# Inbalanced Classes
## In this lab, we are going to explore a case of imbalanced classes. 


Like we disussed in class, when we have noisy data, if we are not careful, we can end up fitting our model to the noise in the data and not the 'signal'-- the factors that actually determine the outcome. This is called overfitting, and results in good results in training, and in bad results when the model is applied to real data. Similarly, we could have a model that is too simplistic to accurately model the signal. This produces a model that doesnt work well (ever). 


### Note: before doing the first commit, make sure you don't include the large csv file, either by adding it to .gitignore, or by deleting it.

### First, download the data from: https://www.kaggle.com/datasets/chitwanmanchanda/fraudulent-transactions-data?resource=download . Import the dataset and provide some discriptive statistics and plots.
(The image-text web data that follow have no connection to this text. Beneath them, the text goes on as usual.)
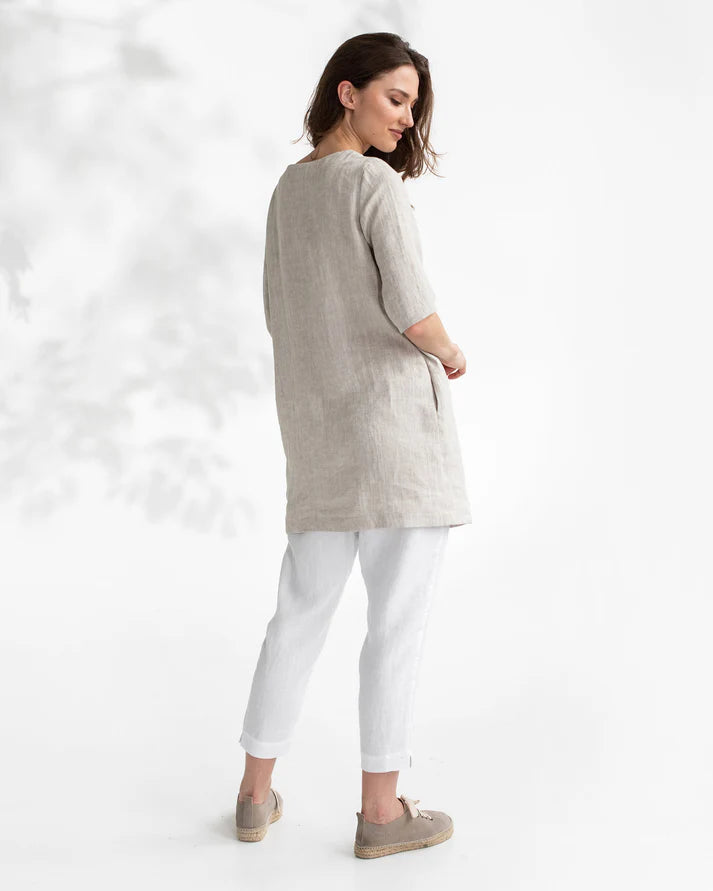 Natural Stone Trapeze Linen Tunic Dress for Women – 3/4 Sleeve, Pockets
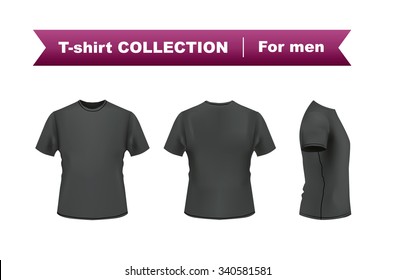 Black t-shirt template front, side and back view, vector eps10 illustration.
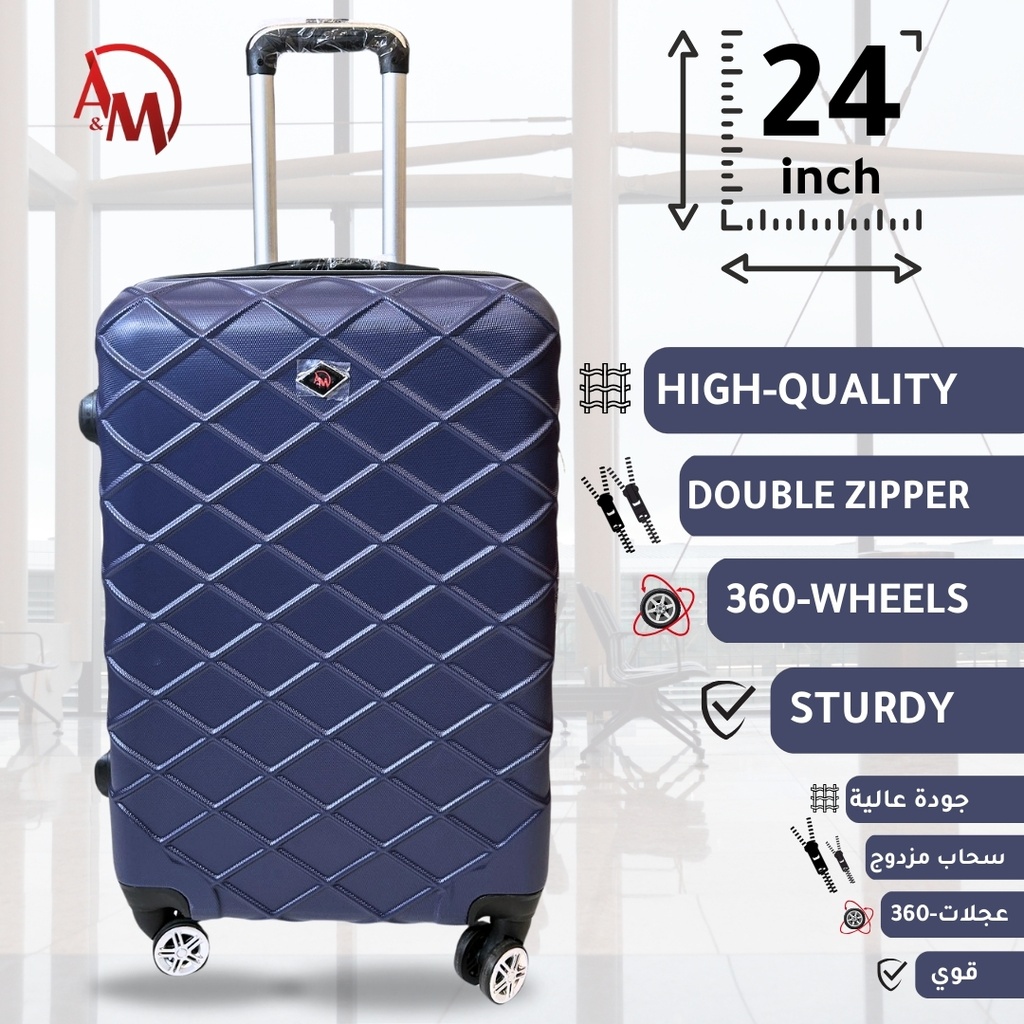 TRAVEL BAG DOUBLE ZIPPER MEDIUM "NAVY BLUE "/حقيبة سفر متوسطة بسحاب مزدوج "لون البحري"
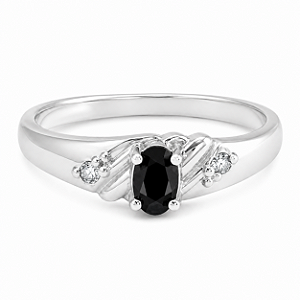 Anel em Prata 925 Oval com Zirconia Preta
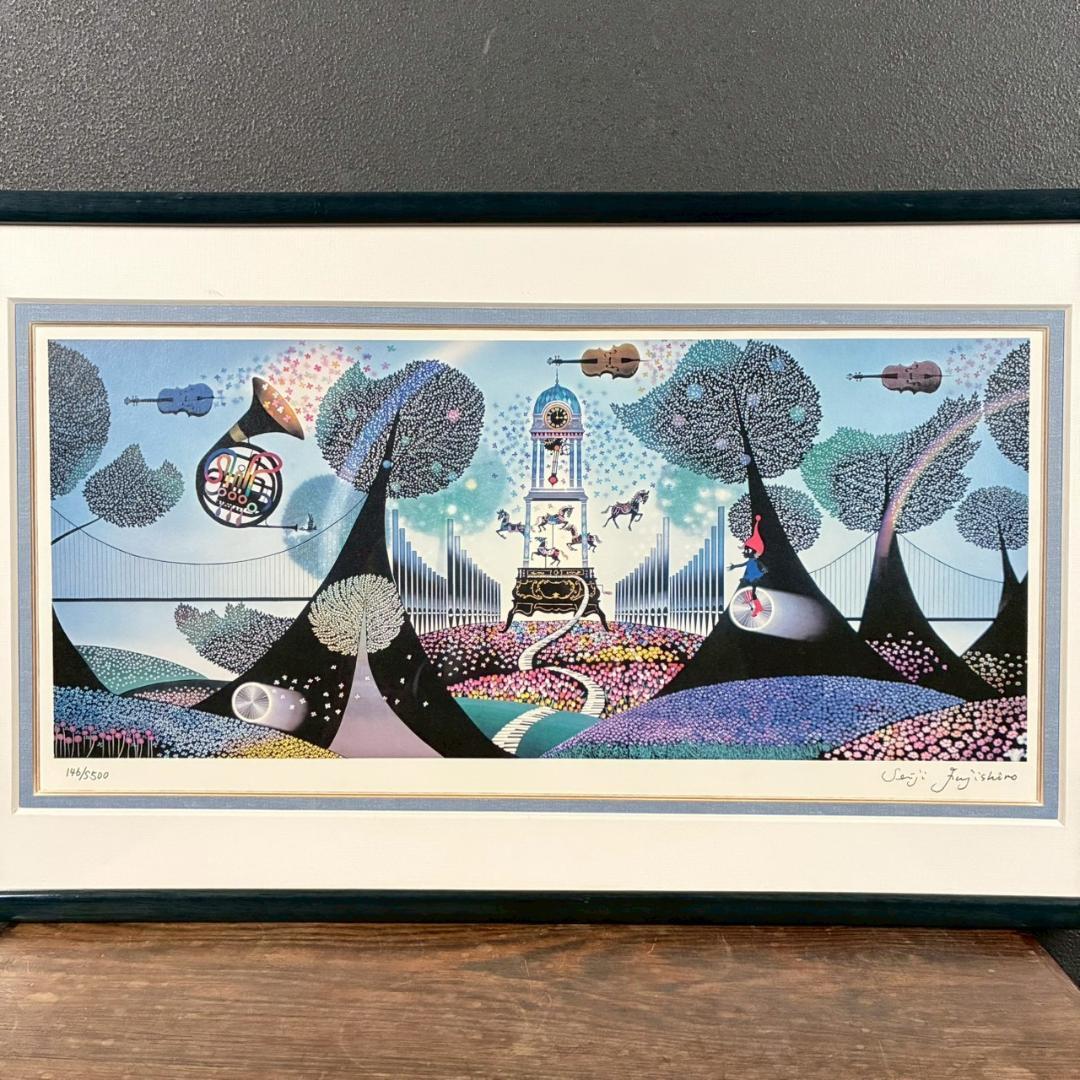 美品 藤城清治「花園のシンフォニー」ダイヤモンドスクリーニング 保証書有 影絵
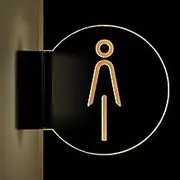 Toilet Sign Bathroom Door Sign LED Restroom Door Sign, Male and Female Toilet Signs, Wall Mount Double-Sided Luminous Sign, 8 Inch Round Bathroom Signs for Office, Home
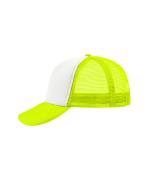 Unisex 5 Panel Polyester Mesh Cap White/neon-yellow 7622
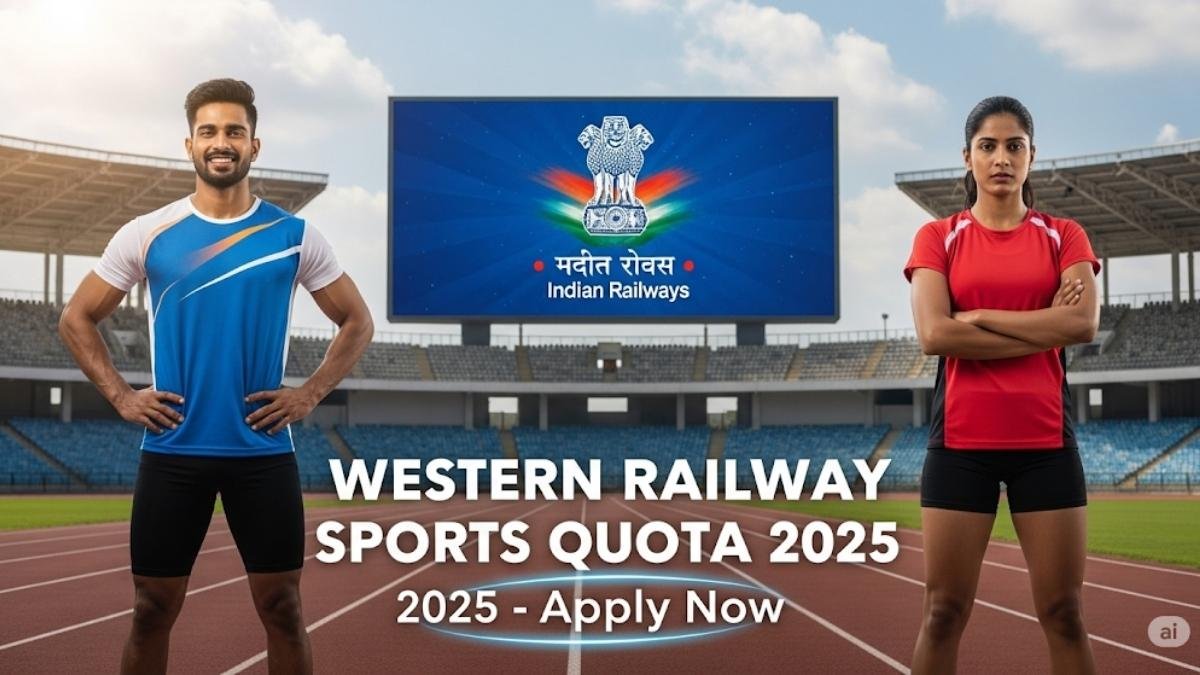 Indian sportspersons representing Western Railway Sports Quota Recruitment 2025 – Apply Now poster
What do you think will be the important features in determining the outcome?
### Note: don't use the entire dataset, use a sample instead, with n=100000 elements, so your computer doesn't freeze.

In [None]:
# Imports

import pandas as pd
import numpy as np

import seaborn as sns
import matplotlib.pyplot as plt

from sklearn.model_selection import train_test_split
from sklearn.linear_model import LogisticRegression
from sklearn.neighbors import KNeighborsClassifier

from imblearn.over_sampling import SMOTE

from sklearn.metrics import recall_score

In [None]:
fraud = pd.read_csv('Fraud.csv').sample(100000)

In [None]:
fraud.shape

In [None]:
fraud.head()

In [None]:
fraud.dtypes

In [None]:
fraud.describe()

In [None]:
# Seaborn heatmap

corr = fraud.corr(numeric_only = True)

mask = np.triu(np.ones_like(corr, dtype = bool))

sns.heatmap(corr, mask = mask, annot = True, cmap = 'coolwarm')

plt.show()

In [None]:
# 'amount', 'oldbalanceOrg' and 'newbalanceOrig' are the most important features.
# They all have a strong positive correlation with isFraud.
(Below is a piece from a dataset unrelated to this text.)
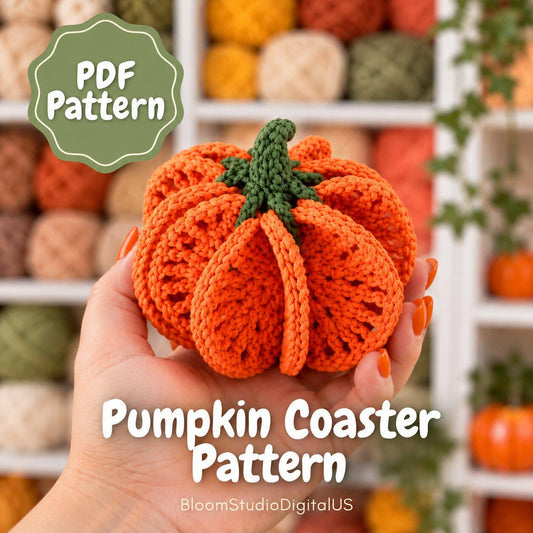 Halloween Crochet Pumpkin Coaster Pattern PDF - 8 Coasters Forming a 3D Pumpkin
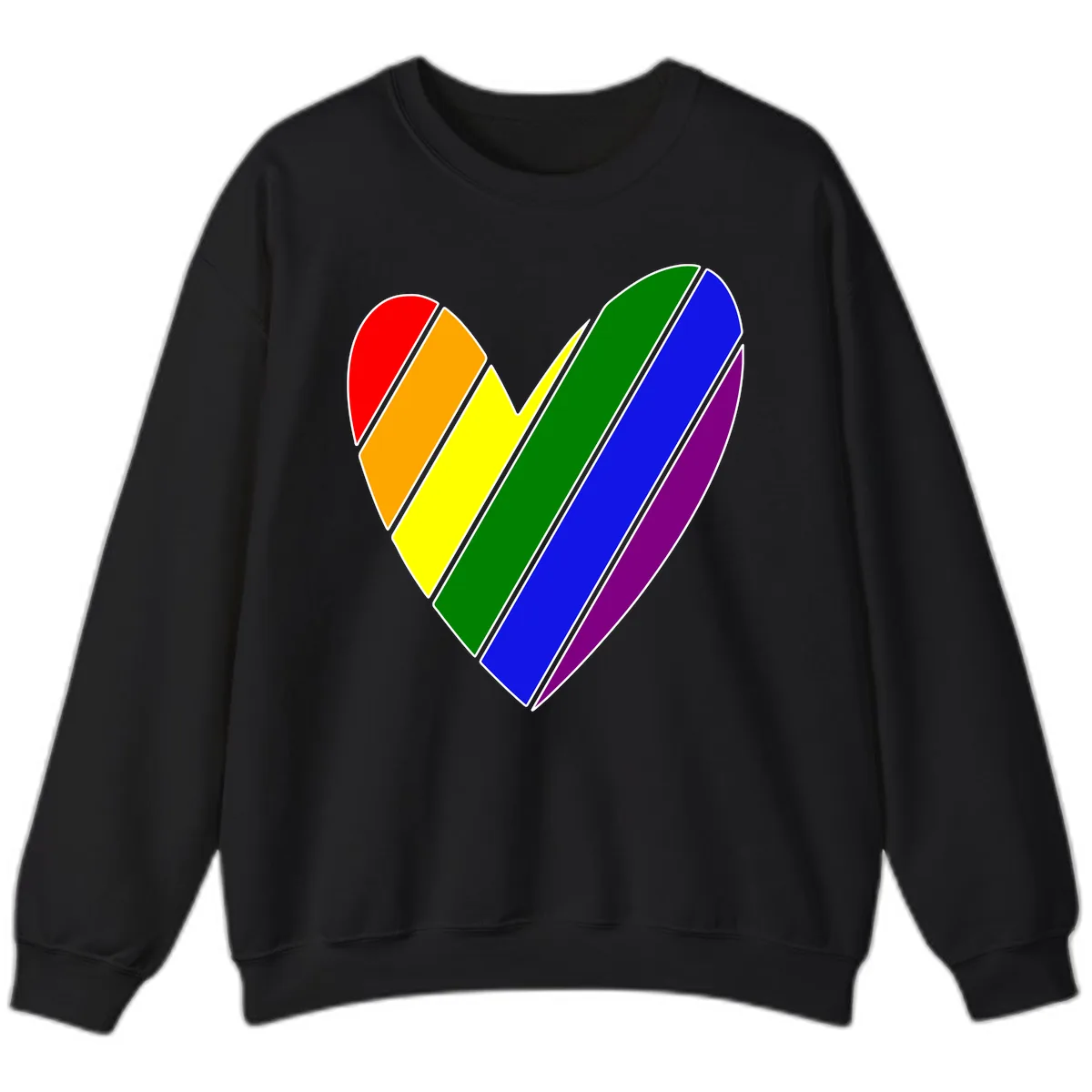Rainbow Pride Heart Chevron Sweatshirt in Black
### What is the distribution of the outcome? 

In [None]:
print(fraud.isFlaggedFraud.value_counts())
print(fraud.isFraud.value_counts())

### Clean the dataset. Pre-process it to make it suitable for ML training. Feel free to explore, drop, encode, transform, etc. Whatever you feel will improve the model score.

In [None]:
fraud.sample()

In [None]:
fraud.isFlaggedFraud.value_counts()

In [None]:
fraud.isna().sum()

In [None]:
fraud_clean = fraud[['amount', 'oldbalanceOrg', 'newbalanceOrig', 'isFraud']].reset_index(drop = True)

fraud_clean.head()

In [None]:
X = fraud_clean.drop('isFraud', axis = 1)
y = fraud_clean['isFraud']

X_train, X_test, y_train, y_test = train_test_split(X, y, random_state = 0)

In [None]:
# Handling imbalance

sm = SMOTE(random_state = 0, sampling_strategy = 1.0)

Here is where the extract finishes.